Imagine life without newspapers. We may soon be living it.
Newspapers in one form or another have been around in Japan since the 17th century, innocent and unpolitical at first, less so as time passed. By the late 19th century their very existence, associated as they were with an embryonic political opposition, was seen – rightly – as a challenge to absolute rule, which responded at times with blunt suppression.
What doesn’t kill you makes you stronger. The press grew. In 1919 an estimated 80 percent of Tokyo workers were newspaper subscribers. The 1917 Russian Revolution showed clearly enough what an awakened proletariat could lead to. As the relatively liberal “Taisho democracy” of the 1920s faded into the militarism of the ’30s, journalists faced a stark choice: Toe the official line or be branded subversive. Most toed the line.
Postwar, the press came back into its own, a “fourth estate” under constitutional protection, its eye on power lest power get out of hand, as it so recently had with such catastrophic consequences. Democracy is unthinkable without a watchdog probing, questioning, investigating and reporting fairly and objectively what it sees going on. The public must know and has a right to know. The press suppressed, blinded or muted is democracy undone.
So this is what’s at stake as Shukan Gendai (Dec 23) reports “the great newspaper collapse.”
For a quarter of a century it’s been gathering momentum. Newspaper readership in Japan peaked in 1997 at 53.76 million copies. It’s now 30.84 million. Extinction, though not certain, is in view. Should we worry?

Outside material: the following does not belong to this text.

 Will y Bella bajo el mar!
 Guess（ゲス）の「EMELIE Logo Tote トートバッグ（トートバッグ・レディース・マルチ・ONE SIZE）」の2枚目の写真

The five major national dailies – in order of circulation Yomiuri, Asahi, Mainichi, Nihon Keizai and Sankei – are all losing readers at what seems an alarming pace: Yomiuri down 32 percent between 2003 and 2022, Asahi 48 percent, Mainichi 52 percent, Nihon Keizai 43 percent, Sankei 52 percent. They’re losing staff too. Who wants to write for newspapers these days? Blogging and posting are so much freer – no bosses telling you what to cover, no desk editors shredding your copy of everything that gave it value in your, the writer’s, eyes. You may not earn as much on your own (then again you may, or more) but what are money and career advancement beside the heady freedom now within the grasp of everyone who reaches for it?
Editor-reporter tensions are as old as journalism and have their good side no doubt, encouraging both sides to expand their thinking. But it’s a fine line between stimulation and repression, and journalists who feels repressed can now say to themselves – and are increasingly quick to do so – “This medium is an anachronism anyway – the future is elsewhere.”
“There were 35 freshmen journalists who came in with me,” Gendai hears from former Mainichi Shimbun political reporter Kenta Miyahara. The key word is “former,” though he’s only 27. “Half of them have already left” – as he has himself. He now operates a YouTube channel whose political analysis and live conversations draw 5,000 subscribers.
The brain drain began before he joined and picked up speed. The staff pool shrinks but news doesn’t, forcing more and more coverage on fewer and fewer hands too overburdened (and sleepless besides) to work in depth, while editors add insult to injury with stinging reprimands when rivals scoop them.
Can a medium bleeding readers and writers survive long? Assuming not, can new digital media fill the vacuum? Traditional journalism’s pride has always been its commitment to truth and objectivity. Online journalism is free to veer into “post-truth” and subjectivity – in extreme cases, into naked prejudice. Newspaper editors keep reporters in check – making nuisances of themselves sometimes but also maintaining standards, which online reporting is free to skirt. Proponents of unfettered online journalism say the mainstream press is merely part of the power establishment and tells the public only what serves its interests. The mainstream counters that the post-mainstream has interests too, often uninhibitedly crude ones.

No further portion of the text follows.